Umbilical Cord Blood (UCB) cells are a valuable source of HSCs for use in allogeneic transplantation. Key advantages are easy availability and
less stringent requirements for HLA matching. However, UCB cells contain an inherently limited HSC count associated with delayed time of
engraftment, high graft failure rates and early mortality. PGE2 derivative (16, 16 dimethylprostaglandin E2; dmPGE2) was recently identified
to be a critical regulator of HSC homeostasis (1). Recent data have shown that brief ex vivo modulation with dmPGE2 could improve patient
outcomes by increasing the ‘effective dose’ of HSCs with preferential long-term engraftment of the dmPGE2 treated HSCs in allogeneic
transplantation. Moreover, it was demonstrated that conventional CD4+ T cells (Tcons) could be developed in vitro into CD4+CD25+Foxp3+
inducible regulatory T cells (iTregs) with an equivalent suppressive potential as naturally occuring regulatory T cells (nTregs) by continuous
polyclonal activation with anti-CD3/CD28 mAbs (2). During the differentiation process, the iTregs express cyclooxygenase 2 (COX-2) and
produce PGE2. Interestingly, neither resting nor activated nTregs express COX-2. The PGE2 production from iTregs can be fully suppressed by
the COX inhibitor indomethacin. These data indicate that PGE2 plays an important role in differentiation of HSCs thus releasing stringency
required for HLAmatching donors with potential recipients as well as with potential role in dominant suppressive effects of iTregs expressing
COX-2 with acquired ability to produce copious amounts of PGE2 responsible for delivery of suppressive function through elevated levels of
cAMP (3). Prostaglandin E2 (PGE2)-mediated mechanisms, which have potential to downregulate CCR5 expression in umbilical cord blood
(UCB) cells heterozygous for CCR5Δ32 mutation (CCR5wt/Δ32), could reduce or eliminate surface expression of CCR5 (CCR5 null cells)
and thus facilitate allogeneic transplantation, UCB cell-engraftment, and preferential cord chimerism in parallel with CCR5 downregulation.
Key advantages of this process are higher frequency of heterozygous CCR5wt/Δ32 donors, less stringent requirements for HLA matching,
and better engraftment of the cells resistant to HIV. To eliminate the need for indefinite treatment, our ultimate goal is to create a functional
HIVresistant immune system through the use of modified HSCs with emphasis on post-transplant amelioration of GvHD enabled via
potentiation of regulatory T cell (Treg) cell-mediated suppression.

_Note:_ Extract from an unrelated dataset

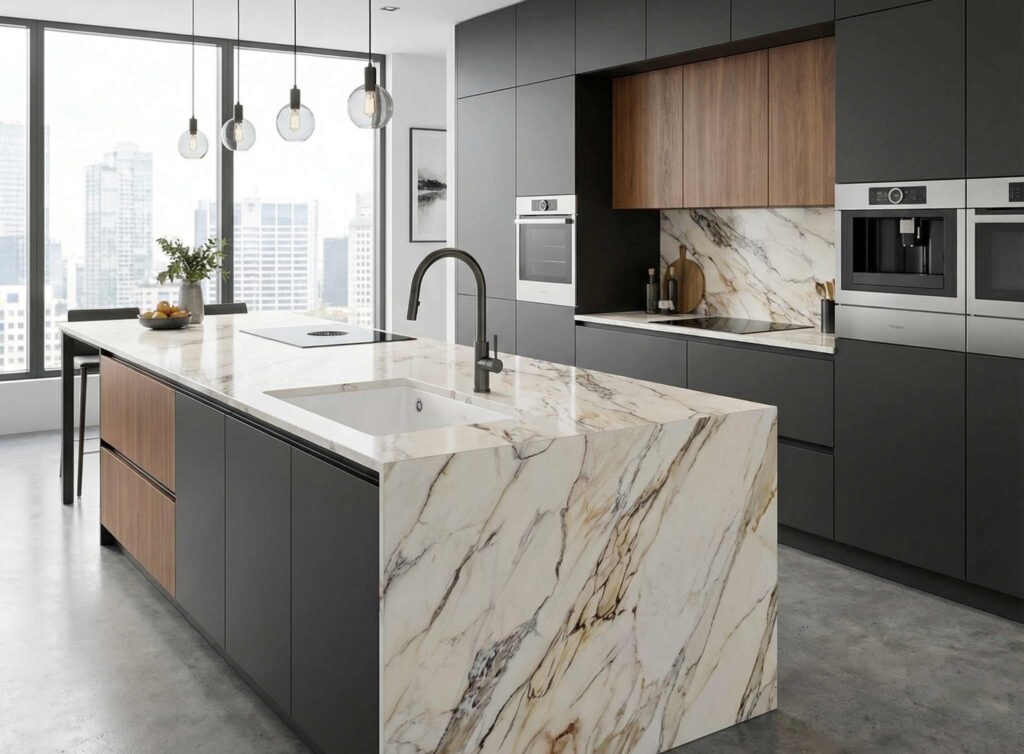 kuchnia z nowoczesnym blatem i zlewem podblatowym 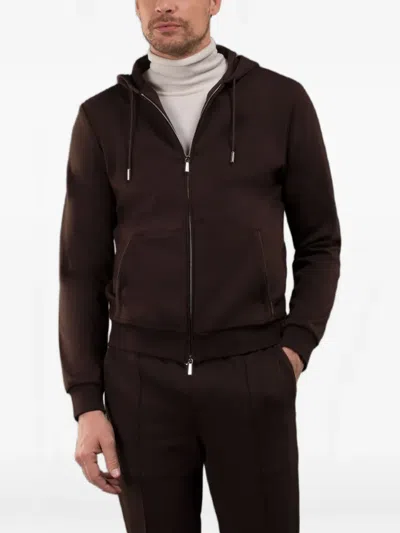 Moorer Matthew Zip-up Hoodie In Brown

Josef Bodor received his Ph.D. (1990) with honors from Institute of Molecular Genetics in Prague, Czech Republic. As of 2013, he is a Senior Investigator working at the Institute of Experimental Medicine in Prague, Czech Republic. Dr. Bodor is a senior scientist with faculty experience from Ivy League Institutions in US hosting on sabbatical leaves around the world (Harvard University Boston, MA, Columbia University; New York, NY, Kyoto University, Kyoto, Japan, Würzburg University, Würzburg, Germany, and Johannes Gutenberg University in Mainz, Germany). Dr. Bodor as an Associate Member of Transregio 52 published series of original reports summarized in authoritative reviews. Currently, Dr. Bodor is faculty member at the Institute of Hematology and Blood Transfusion in Prague, Czech Republic.